A perfect case study is ROBLOX user litozinnamon and his “Call of ROBLOXia” series. Call of ROBLOXia 5: ROBLOX at War, lito’s most popular game, consistently ranks in the top 30 at any given moment. Sure, he’s got the wind at his back via name recognition (his game’s title is a play on the renowned Call of Duty name), but ROBLOX users don’t keep coming back unless the game play encourages it. He’s done a good job of adapting the Call of Duty series’ pace and addictive multiplayer gaming mechanics to ROBLOX. He’s also built his own character-customization tool, which he says promotes repeat play sessions and balanced game play – it lets players experiment with a huge variety of equipment without unfairly favoring veterans.
Let’s make an apples-to-oranges comparison. Litozinnamon’s ROBLOX games, almost all of which are part of his Call of ROBLOXia series, have been played more than 16 million times. (98% of those plays belong to Call of ROBLOXia 5: ROBLOX at War.) 16 million.
Call of Duty: Black Ops, a 2010 release and one of the most popular games in the series, has sold a total of 16.4 million units. Again, play sessions of a free game vs. sales of a boxed game is an apples-to-oranges comparison, but things start to come into perspective when you figure Call of ROBLOXia 5 was developed by a teenager from California with a budget mostly consisting of time and Call of Duty: Black Ops was developed on a multi-million dollar (possibly even $100 million) budget by Treyarch, a professional studio. ROBLOX empowers game developers of all ages, even when they’re one-man shops. 10 years ago, such democratization could only be a dream.

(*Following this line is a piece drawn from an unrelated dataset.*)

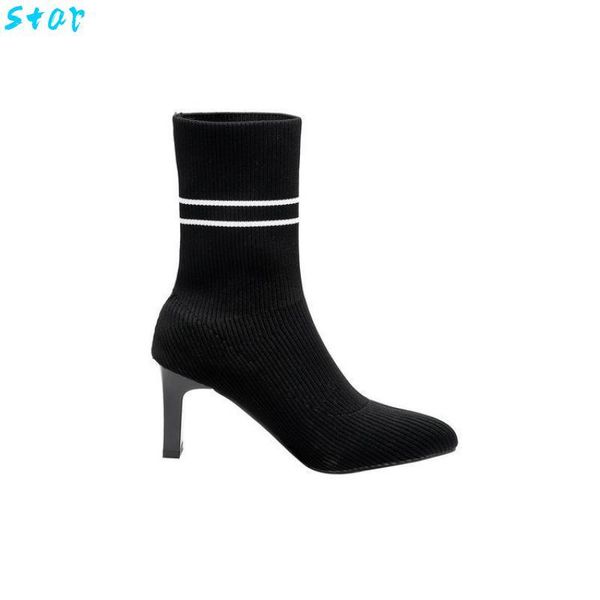 women's ankle boots fashion autumn middle tube pointed toe stretch knitting sock high heels female slip on lady shoes, Black
women's ankle boots fashion autumn middle tube pointed toe stretch knitting sock high heels female slip on lady shoes, Black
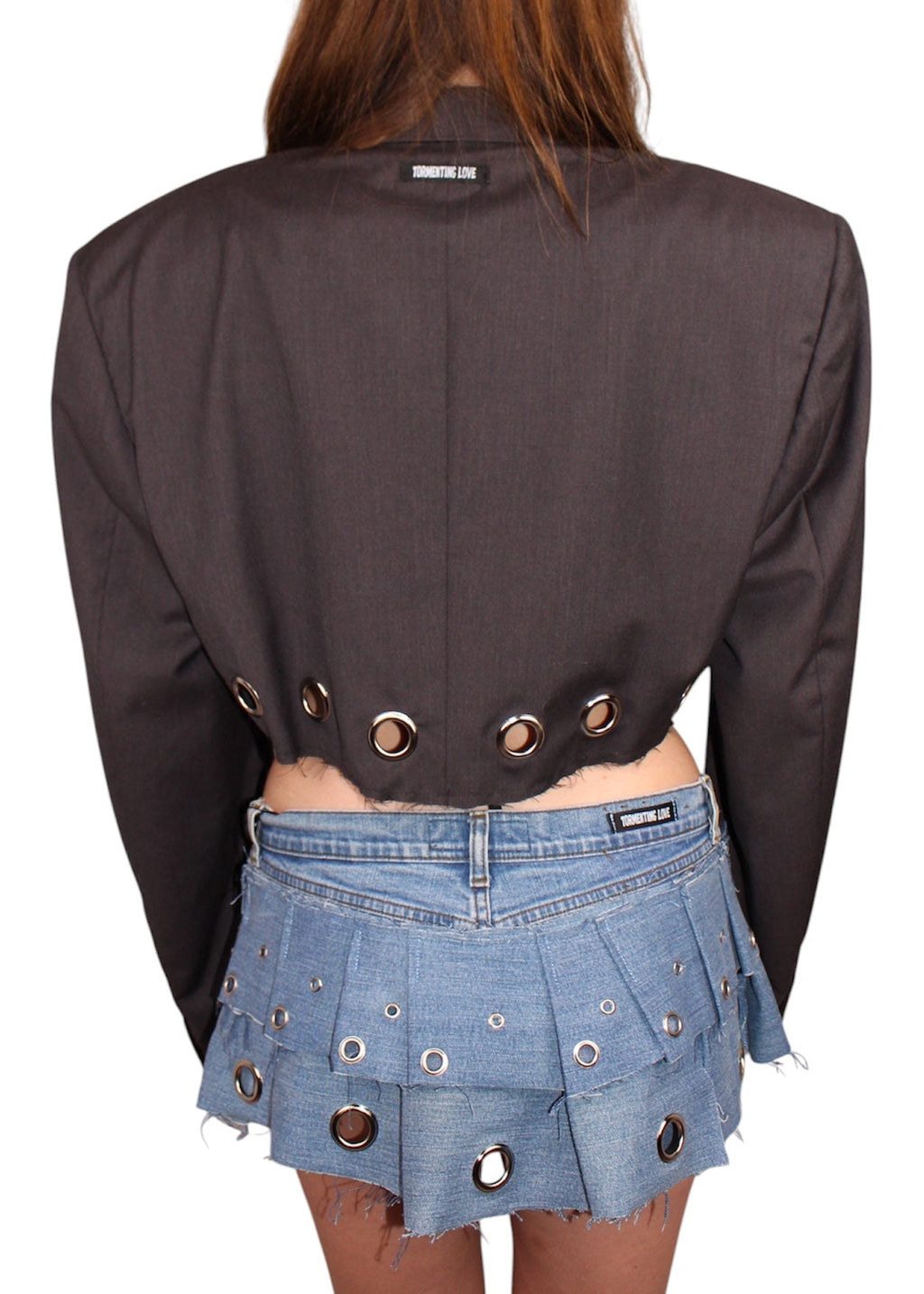 Cropped grey Blazer with Silver Details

What makes litozinnamon’s story all the more representative of how ROBLOX democratizes game development is he never intended to design the next best ROBLOX game. He built Call of ROBLOXia 5 as a “place to spend time with some friends” – other players just happened to notice it and started joining en masse. That would be much less likely to happen had he developed using a tool without a huge distribution channel.

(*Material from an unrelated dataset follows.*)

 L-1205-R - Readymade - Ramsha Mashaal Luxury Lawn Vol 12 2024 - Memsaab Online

“I’m proud of what I have been able to accomplish, especially when getting my game popular was not the reason why I decided to make it in the first place,” says litozinnamon.
The democratization of game development isn’t unprecedented. Other media have gone through similar transition periods. Novelists can distribute their work on user-generated content sites like WattPad – and maybe get a digital book deal out of it. Musicians can not only record their songs on the cheap, but distribute them via digital channels, effectively opening their work to the entire connected world. Before recorded media and diverse distribution, music essentially only went as far as the musicians’ live shows. It was only a matter of time before democratization made inroads into more technologically complex media, such as video games.

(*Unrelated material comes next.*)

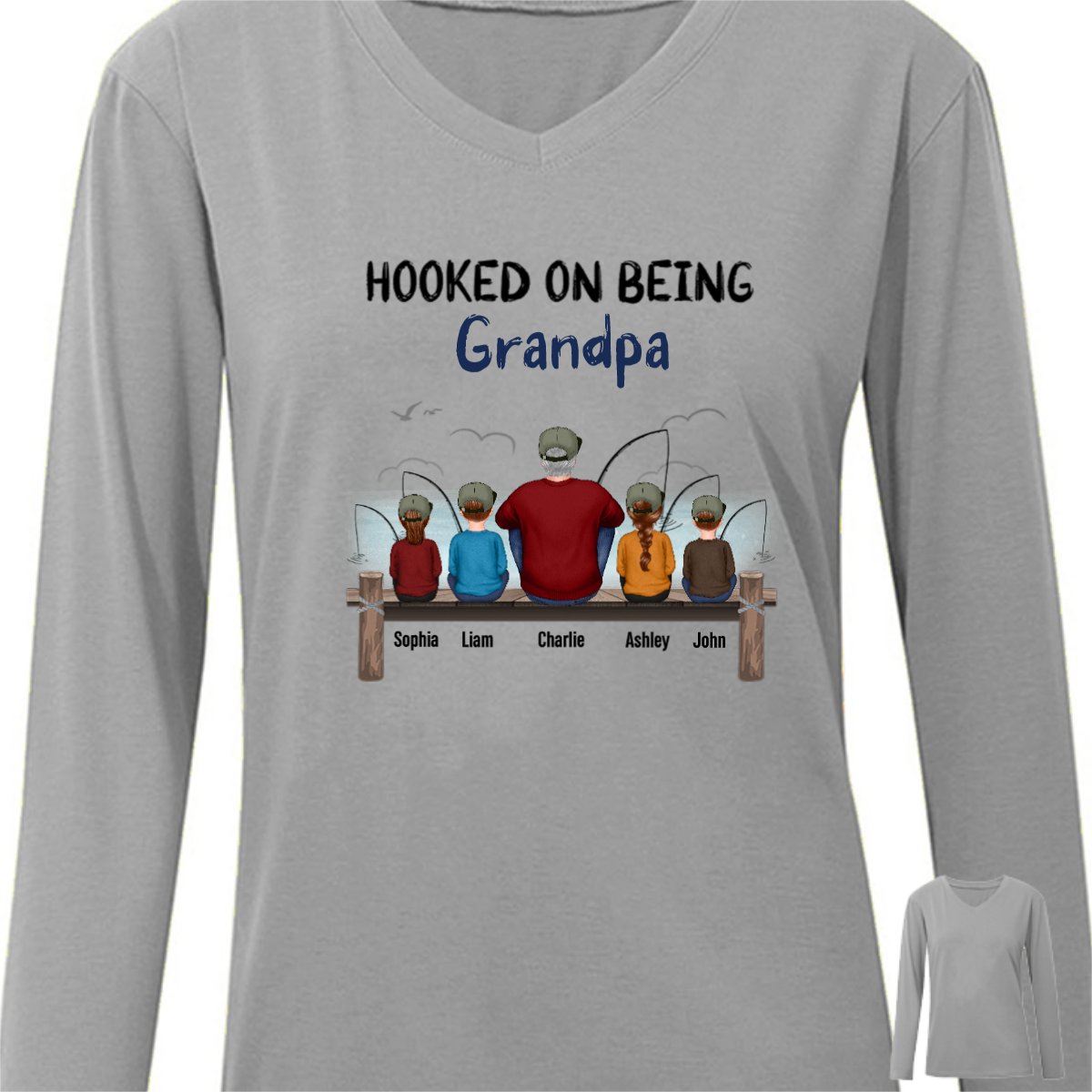 Hooked On Being Grandpa Fishing Personalized Long Sleeve Shirt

While technology and stories like that of litozinnamon make it sound easy to become successful, it’s not. There are a lot of people creating content and inciting competition, and it takes effort to separate oneself from the crowd.
“Not everyone has the time or patience to go through all the coding aspects of game designing,” litozinnamon says. “I think people are more likely to design a popular game if they love math and are skilled in it, generally because scripting requires a lot of math work and logic. This isn’t always true, because people that aren’t experts in math can also create really good games, but it does give an edge in creating scripts.”
Ultimately, though, ROBLOX gives users one of the best opportunities to make serious waves. A couple weeks back, we published a story about Borderline, an upcoming first-person shooter that shows tremendous promise. One part of the discussion that never made it to print focused on the development team’s decision to use ROBLOX when they clearly have the smarts to learn other development tools.
“It’s a platform with a lot of players, meaning that we can get the attention of a lot of people,” user bauer102 said. He further commented on the potential power of game development in ROBLOX, noting “Lua is just an awesome, dynamic language.”
Litozinnamon concurs. “There is no way I could have created a game with a different development tool to achieve the same accomplishment I have here in ROBLOX.”
People who have developed a game using ROBLOX are quick to note it’s an excellent tool and distribution channel. While many have already taken advantage of it to earn serious game development experience and community cred, we’re always working to give users more power. This is a significant driving force behind improvements to our building kit, ROBLOX Studio, our expansion to mobile devices, and how we prioritize development of our rendering, networking and physics engines.
We want every ROBLOX user to believe they have the power to be a successful indie developer — and every right to be part of the game development democracy.